Inconsistent taxonomy classification for Silva data?

We’re using the IM-TORNADO pipeline, which internally is using mothur for classify.seqs amongst other things :slight_smile:

When we analyze some 18s amplicon data we have noticed that the classification appears off in many cases. This is using the provided Silva r119 SSU data from the mothur site (http://www.mothur.org/wiki/Silva_reference_files).

As an example, here is a subset of the OTU taxonomy results w/ Nemotoda:

...
30 Eukaryota(100);Opisthokonta(100);Holozoa(100);Metazoa(100);Animalia(100);Nematoda(100);
74 Eukaryota(100);Opisthokonta(100);Holozoa(100);Metazoa(100);Animalia(100);Nemertea(100);
297 Eukaryota(100);Opisthokonta(100);Holozoa(100);Metazoa(100);Animalia(100);Nematoda(99.9);
482 Eukaryota(100);Opisthokonta(75.6);Holozoa(75.6);Metazoa(75);Animalia(75);Nematoda(55.4);
637 Eukaryota(100);Opisthokonta(85.1);Holozoa(85.1);Metazoa(84.9);Animalia(84.9);Nematoda(70.6);
...

According to the tax_slv_ssu_nr_119.txt file obtained from the Silva downloads site (http://www.arb-silva.de/fileadmin/silva_databases/release_119/Exports/taxonomy/tax_slv_ssu_nr_119.txt) ‘Nemotoda’ is not ranked, and ‘Animalia’ is a sub-phylum (here they are ‘genus’ and ‘phylum’).

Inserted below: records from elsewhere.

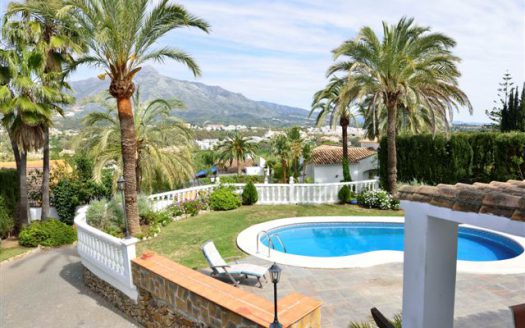 Villa in Nueva Andalucia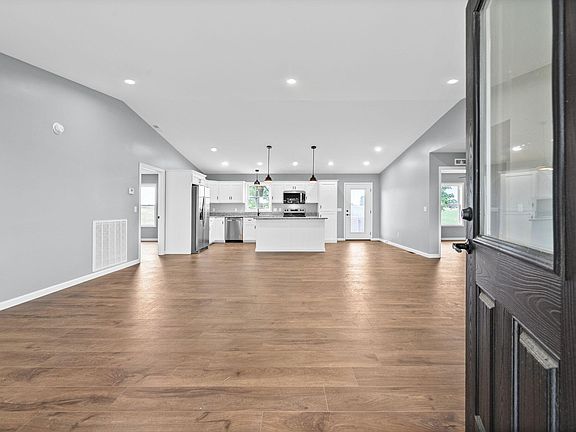 4th image of 20 Cravens Rd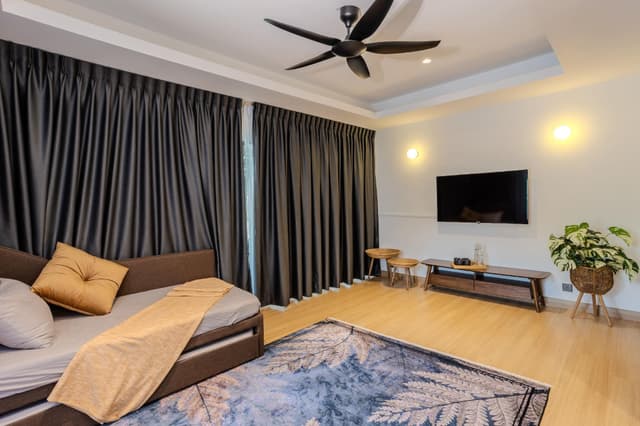 King Suite with Sofa Bed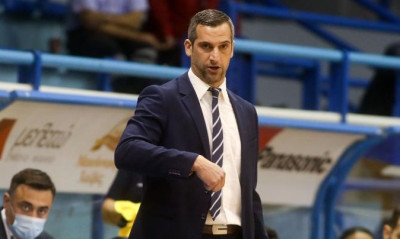 Λάρισα: «Βλέπει» την πόρτα της εξόδου ο Παπανικολόπουλος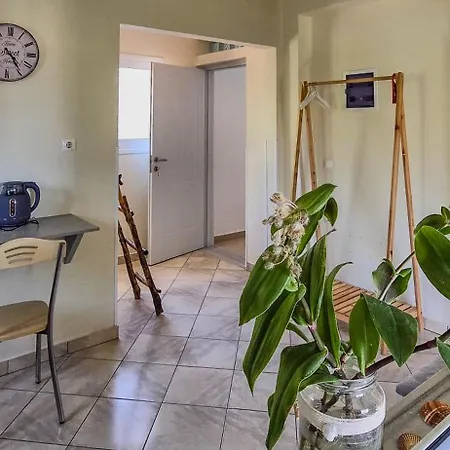 Apartment Sea Side Serenity 5 *
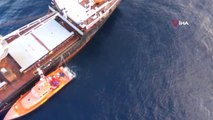 Mahsur Kalan Mültecilerin İmdadına Türk Gemisi Yetişti- Türk Gemisi Mültecileri Böyle Kurtardı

We can go back and validate the classification for our other runs (we also have 16s) and possibly fix using the above file, but I wanted to know whether anyone else has run into the same issue.

Whoa, I didn’t know that file existed! That is very helpful actually. What I’ve posted and described (http://blog.mothur.org/2014/08/08/SILVA-v119-reference-files/) just uses the first 6 levels of the eukaryotic taxonomy string because I couldn’t figure it out on my own. I’ll try to get this updated to make a better eukaryotic taxonomy file.

Pat

No problem, thanks for having a look!

I should add, there are a few other files in that directory that also may of use (and possibly better).

The README.txt file describes their purpose a bit more.